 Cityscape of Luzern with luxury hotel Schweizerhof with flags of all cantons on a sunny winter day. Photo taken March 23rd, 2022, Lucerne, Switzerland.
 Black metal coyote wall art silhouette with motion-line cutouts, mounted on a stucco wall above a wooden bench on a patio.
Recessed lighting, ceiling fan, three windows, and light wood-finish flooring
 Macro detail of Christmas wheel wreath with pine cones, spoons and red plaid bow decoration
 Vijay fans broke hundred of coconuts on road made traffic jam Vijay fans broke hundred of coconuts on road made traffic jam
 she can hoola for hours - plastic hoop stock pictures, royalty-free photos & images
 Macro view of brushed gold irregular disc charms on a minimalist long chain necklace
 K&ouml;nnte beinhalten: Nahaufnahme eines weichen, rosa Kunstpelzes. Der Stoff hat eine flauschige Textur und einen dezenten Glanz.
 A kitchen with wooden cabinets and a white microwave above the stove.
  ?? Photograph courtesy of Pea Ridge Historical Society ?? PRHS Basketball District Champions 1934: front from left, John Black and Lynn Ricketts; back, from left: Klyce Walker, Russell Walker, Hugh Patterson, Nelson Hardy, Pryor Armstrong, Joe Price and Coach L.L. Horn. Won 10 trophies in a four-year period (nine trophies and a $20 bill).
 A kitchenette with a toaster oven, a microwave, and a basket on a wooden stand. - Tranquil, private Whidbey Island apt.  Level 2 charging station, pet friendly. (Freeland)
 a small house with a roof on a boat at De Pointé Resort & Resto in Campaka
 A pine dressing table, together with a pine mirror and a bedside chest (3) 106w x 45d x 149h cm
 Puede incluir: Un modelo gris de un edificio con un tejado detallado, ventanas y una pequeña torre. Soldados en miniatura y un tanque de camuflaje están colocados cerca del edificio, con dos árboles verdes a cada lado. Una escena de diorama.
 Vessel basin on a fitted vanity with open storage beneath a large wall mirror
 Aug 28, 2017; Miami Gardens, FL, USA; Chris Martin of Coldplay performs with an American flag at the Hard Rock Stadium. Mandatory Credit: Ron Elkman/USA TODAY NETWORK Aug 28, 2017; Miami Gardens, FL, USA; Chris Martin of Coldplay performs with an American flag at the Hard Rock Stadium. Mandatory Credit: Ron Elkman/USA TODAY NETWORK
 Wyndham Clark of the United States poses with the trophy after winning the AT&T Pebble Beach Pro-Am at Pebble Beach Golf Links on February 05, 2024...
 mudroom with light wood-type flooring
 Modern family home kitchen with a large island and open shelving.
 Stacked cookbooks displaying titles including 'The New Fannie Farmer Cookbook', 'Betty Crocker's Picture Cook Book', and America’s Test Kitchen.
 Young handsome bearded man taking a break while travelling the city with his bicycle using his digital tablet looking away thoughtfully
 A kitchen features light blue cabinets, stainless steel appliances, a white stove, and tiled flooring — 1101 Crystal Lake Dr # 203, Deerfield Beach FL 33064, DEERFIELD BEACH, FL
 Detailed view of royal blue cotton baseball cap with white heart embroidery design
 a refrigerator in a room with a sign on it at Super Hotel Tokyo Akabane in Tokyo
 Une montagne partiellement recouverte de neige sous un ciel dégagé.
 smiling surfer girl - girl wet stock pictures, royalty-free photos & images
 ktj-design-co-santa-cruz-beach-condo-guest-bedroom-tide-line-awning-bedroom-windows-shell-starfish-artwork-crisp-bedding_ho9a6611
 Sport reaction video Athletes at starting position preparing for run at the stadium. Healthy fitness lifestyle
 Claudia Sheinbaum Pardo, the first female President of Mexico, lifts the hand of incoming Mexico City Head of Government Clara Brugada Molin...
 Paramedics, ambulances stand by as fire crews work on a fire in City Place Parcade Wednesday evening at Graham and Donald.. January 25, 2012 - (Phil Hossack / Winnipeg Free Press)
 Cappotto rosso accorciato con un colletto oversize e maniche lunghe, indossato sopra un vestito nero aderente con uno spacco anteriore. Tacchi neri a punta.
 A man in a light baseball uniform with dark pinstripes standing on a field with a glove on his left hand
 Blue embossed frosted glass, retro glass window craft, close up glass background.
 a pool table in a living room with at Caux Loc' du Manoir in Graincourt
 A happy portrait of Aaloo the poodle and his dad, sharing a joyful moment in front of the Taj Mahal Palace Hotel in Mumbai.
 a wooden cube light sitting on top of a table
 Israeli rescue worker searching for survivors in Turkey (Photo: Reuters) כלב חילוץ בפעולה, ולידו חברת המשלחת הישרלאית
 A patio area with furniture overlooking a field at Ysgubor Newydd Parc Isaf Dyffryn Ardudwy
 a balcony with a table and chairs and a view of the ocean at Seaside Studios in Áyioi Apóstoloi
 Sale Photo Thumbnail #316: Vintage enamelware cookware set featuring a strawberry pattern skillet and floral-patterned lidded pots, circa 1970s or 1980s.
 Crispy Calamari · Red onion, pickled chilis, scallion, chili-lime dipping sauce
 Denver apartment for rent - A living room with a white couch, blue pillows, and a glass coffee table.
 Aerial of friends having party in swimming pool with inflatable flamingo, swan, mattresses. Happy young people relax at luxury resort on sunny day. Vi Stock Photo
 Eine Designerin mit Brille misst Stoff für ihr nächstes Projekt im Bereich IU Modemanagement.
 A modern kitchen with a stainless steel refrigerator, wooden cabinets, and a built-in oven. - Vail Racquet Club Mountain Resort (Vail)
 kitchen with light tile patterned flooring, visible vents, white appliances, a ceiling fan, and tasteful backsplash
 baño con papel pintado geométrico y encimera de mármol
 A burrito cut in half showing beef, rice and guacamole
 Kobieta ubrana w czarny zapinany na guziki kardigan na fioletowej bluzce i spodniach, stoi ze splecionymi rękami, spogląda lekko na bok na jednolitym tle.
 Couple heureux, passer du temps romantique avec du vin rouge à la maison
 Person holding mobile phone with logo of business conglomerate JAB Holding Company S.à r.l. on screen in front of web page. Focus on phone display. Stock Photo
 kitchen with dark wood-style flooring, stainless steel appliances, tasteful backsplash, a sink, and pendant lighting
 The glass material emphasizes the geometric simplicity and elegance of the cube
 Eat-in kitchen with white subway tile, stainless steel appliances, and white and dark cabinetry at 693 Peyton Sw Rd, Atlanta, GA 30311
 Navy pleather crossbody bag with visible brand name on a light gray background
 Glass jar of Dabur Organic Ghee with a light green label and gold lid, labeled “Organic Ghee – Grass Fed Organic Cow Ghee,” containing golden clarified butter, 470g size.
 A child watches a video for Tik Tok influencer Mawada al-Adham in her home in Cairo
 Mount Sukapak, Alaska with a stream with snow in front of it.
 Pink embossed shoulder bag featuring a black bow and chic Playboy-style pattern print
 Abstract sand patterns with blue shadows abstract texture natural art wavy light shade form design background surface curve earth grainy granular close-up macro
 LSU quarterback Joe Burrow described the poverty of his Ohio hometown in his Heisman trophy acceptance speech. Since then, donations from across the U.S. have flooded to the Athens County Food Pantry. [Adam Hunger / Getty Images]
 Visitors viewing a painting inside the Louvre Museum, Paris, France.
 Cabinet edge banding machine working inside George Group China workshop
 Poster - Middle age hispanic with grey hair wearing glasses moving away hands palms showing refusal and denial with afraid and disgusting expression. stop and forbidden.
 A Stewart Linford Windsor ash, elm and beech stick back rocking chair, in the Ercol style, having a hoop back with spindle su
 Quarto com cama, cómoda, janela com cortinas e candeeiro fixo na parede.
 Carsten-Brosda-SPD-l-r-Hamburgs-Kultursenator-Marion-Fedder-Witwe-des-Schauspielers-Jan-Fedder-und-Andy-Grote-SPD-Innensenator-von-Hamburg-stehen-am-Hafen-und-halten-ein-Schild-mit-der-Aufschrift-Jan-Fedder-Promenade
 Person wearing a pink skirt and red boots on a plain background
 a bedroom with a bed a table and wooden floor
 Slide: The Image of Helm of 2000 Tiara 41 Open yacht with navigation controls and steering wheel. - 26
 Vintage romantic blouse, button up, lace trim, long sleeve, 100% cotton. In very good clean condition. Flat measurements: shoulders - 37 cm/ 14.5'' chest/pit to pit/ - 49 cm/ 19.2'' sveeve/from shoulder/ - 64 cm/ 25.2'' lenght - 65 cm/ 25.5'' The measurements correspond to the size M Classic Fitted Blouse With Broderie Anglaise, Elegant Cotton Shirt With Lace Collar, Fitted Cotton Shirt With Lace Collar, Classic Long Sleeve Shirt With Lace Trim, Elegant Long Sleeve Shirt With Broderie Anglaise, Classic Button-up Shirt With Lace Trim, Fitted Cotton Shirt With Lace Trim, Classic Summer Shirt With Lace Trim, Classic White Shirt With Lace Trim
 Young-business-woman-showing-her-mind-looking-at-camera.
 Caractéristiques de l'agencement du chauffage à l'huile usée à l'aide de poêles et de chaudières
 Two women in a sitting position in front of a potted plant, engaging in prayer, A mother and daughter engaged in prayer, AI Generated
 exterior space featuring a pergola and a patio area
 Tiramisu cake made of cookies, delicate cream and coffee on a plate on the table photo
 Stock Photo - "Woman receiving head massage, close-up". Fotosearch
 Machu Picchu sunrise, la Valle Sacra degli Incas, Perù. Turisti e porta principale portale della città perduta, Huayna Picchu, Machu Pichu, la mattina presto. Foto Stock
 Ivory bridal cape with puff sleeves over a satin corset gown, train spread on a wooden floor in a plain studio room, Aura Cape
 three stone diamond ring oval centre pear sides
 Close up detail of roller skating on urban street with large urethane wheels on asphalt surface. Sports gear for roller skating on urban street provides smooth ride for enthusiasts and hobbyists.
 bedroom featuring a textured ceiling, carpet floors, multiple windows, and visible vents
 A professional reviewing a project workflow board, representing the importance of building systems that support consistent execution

■ **TASK**
Take from the material above the lines running from the one with "Paramedics, ambulances stand" through the one with "Kobieta ubrana w", and repeat them exactly, with nothing else.

■ **PROBLEM SOLUTION**
 Paramedics, ambulances stand by as fire crews work on a fire in City Place Parcade Wednesday evening at Graham and Donald.. January 25, 2012 - (Phil Hossack / Winnipeg Free Press)
 Cappotto rosso accorciato con un colletto oversize e maniche lunghe, indossato sopra un vestito nero aderente con uno spacco anteriore. Tacchi neri a punta.
 A man in a light baseball uniform with dark pinstripes standing on a field with a glove on his left hand
 Blue embossed frosted glass, retro glass window craft, close up glass background.
 a pool table in a living room with at Caux Loc' du Manoir in Graincourt
 A happy portrait of Aaloo the poodle and his dad, sharing a joyful moment in front of the Taj Mahal Palace Hotel in Mumbai.
 a wooden cube light sitting on top of a table
 Israeli rescue worker searching for survivors in Turkey (Photo: Reuters) כלב חילוץ בפעולה, ולידו חברת המשלחת הישרלאית
 A patio area with furniture overlooking a field at Ysgubor Newydd Parc Isaf Dyffryn Ardudwy
 a balcony with a table and chairs and a view of the ocean at Seaside Studios in Áyioi Apóstoloi
 Sale Photo Thumbnail #316: Vintage enamelware cookware set featuring a strawberry pattern skillet and floral-patterned lidded pots, circa 1970s or 1980s.
 Crispy Calamari · Red onion, pickled chilis, scallion, chili-lime dipping sauce
 Denver apartment for rent - A living room with a white couch, blue pillows, and a glass coffee table.
 Aerial of friends having party in swimming pool with inflatable flamingo, swan, mattresses. Happy young people relax at luxury resort on sunny day. Vi Stock Photo
 Eine Designerin mit Brille misst Stoff für ihr nächstes Projekt im Bereich IU Modemanagement.
 A modern kitchen with a stainless steel refrigerator, wooden cabinets, and a built-in oven. - Vail Racquet Club Mountain Resort (Vail)
 kitchen with light tile patterned flooring, visible vents, white appliances, a ceiling fan, and tasteful backsplash
 baño con papel pintado geométrico y encimera de mármol
 A burrito cut in half showing beef, rice and guacamole
 Kobieta ubrana w czarny zapinany na guziki kardigan na fioletowej bluzce i spodniach, stoi ze splecionymi rękami, spogląda lekko na bok na jednolitym tle.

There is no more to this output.